Motivation. Someone from outside your organisation comes in with no bias or internal politics, and they can excite your teams, helping them to really understand how the system can make their working lives easier.

A design process

When you ask one of your designers to produce a piece of work, you don’t just say ‘do this’ and then leave them to it. There’s a process to follow. You give them a brief, background on the client if they’re unfamiliar to them, ask them to produce initial drafts and then offer feedback before they develop the finished product.

And we work in just the same way. Implementing software isn’t about plugging it in and switching it on. It’s a fluid, organic design process. We use a four-step process: Discover, Deliver, Deploy and Develop to bring the best to your business.


This stage is about uncovering pains and taking into consideration all people involved in using the system. Implementing a new system and processes in an agency needs buy-in from everyone — not just those in management. In this step, the onboarding team will get to know all the departmental challenges and reporting objectives, as well as each team’s own ideas and aspirations. It’s about understanding what makes your agency tick from the inside out. This helps the onboarding team to understand the right way to configure the system and how to deliver the right type of training to engage every single stakeholder.

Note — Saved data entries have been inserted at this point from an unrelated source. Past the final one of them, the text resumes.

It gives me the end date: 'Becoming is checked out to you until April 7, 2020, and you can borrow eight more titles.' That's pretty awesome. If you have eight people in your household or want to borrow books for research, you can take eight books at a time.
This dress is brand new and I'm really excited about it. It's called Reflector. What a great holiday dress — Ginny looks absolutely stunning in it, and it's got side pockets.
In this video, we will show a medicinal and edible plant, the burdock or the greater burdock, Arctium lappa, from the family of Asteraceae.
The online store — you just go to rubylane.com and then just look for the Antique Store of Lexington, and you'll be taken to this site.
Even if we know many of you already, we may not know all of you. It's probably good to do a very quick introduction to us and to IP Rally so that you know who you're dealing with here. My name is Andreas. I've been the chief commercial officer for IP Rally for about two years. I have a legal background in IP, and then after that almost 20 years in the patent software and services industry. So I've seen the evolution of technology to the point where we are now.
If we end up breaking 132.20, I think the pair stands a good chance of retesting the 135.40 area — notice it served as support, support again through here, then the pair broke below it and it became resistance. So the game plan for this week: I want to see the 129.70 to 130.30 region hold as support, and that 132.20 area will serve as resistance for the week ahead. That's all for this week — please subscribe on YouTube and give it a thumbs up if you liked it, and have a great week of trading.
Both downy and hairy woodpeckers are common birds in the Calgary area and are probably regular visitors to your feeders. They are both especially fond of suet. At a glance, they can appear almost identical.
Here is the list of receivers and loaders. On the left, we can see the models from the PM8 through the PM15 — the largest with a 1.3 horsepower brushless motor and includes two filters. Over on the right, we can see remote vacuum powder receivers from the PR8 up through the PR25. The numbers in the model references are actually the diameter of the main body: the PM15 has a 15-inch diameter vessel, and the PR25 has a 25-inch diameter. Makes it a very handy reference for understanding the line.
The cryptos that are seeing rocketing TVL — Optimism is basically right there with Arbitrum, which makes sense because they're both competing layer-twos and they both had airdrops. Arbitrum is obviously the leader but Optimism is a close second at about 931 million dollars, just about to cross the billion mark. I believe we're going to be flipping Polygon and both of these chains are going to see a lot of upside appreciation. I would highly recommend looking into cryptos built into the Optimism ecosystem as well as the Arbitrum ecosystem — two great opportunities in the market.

This is really a ‘listening’ stage, establishing what internal practices are working well, what needs improving and where any opportunities lie.

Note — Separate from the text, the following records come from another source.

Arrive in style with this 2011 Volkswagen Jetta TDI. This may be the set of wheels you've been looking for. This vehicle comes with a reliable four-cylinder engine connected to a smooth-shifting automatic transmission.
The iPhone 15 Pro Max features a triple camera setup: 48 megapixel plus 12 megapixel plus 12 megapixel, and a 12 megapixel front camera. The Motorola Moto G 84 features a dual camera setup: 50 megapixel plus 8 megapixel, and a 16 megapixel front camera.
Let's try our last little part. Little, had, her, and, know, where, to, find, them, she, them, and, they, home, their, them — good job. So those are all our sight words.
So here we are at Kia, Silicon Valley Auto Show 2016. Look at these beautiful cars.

What a good onboarding consultant should never do is dismiss all your existing processes — there’s a reason your agency has thrived before they entered the scene. Rather, it’s about recognising where improvements, enhancements or new ideas could help.


At this stage, your agency gets a first look at the bones of the system, a point at which to snag and scope, customise and tweak. Here, your teams will see how their system will look and operate.

It’s also the first introduction of key operating features to end users, working to a pre-determined set of processes identified during the discover stage. This is where you can really generate buy in, reinforcing the benefits of the system for each user. For example, timesheets are a necessary evil in most agencies, and training on them often received with groans. But instead of implying a Big Brother we’re-watching-you approach, try taking a welfare approach. ‘We want to make sure you’re not doing too much, and if you are this will help us to support you better.’ Training delivered from an external supplier often receives much better buy in than from an internal staff member.


This is the advanced stage, when your data’s in the system. Your onboarding expert will look at each department’s goals and how reporting works best for each team.

This period of advanced feature training is intentionally held back until the team are operational on the fundamentals. The onboarding consultant works in a supportive role, ensuring everyone is comfortable ahead of embarking on the more advanced training features.

This is when they will introduce more specific features and make sense of financials and reporting detail. It follows the same bespoke and collaborative training approach as the Define stage and reaffirms knowledge levels from initial delivery.


This is where we present everything to the managing director or agency leader. In my opinion, this period is as important to the success of a new platform as all the other stages, but is often forgotten by providers. This is the time users get on the motorway in their journey and really understand what their new vehicle can do. It’s a time for developing confidence, when users start to challenge and enhance their capabilities. All too often, senior leaders take on this phase alone, but here is where the support of an onboarding consultant can be vital to future success.

So really, this is the long answer to the earlier question: ‘why can’t I just familiarise myself with the product?’ Whether you’re implementing an entry-level timesheet platform or an advanced end-to-end agency management solution, these systems are only as good as the data they contain. It’s absolutely worth the time and investment to get your people on board and fully engaged with the system right from the start.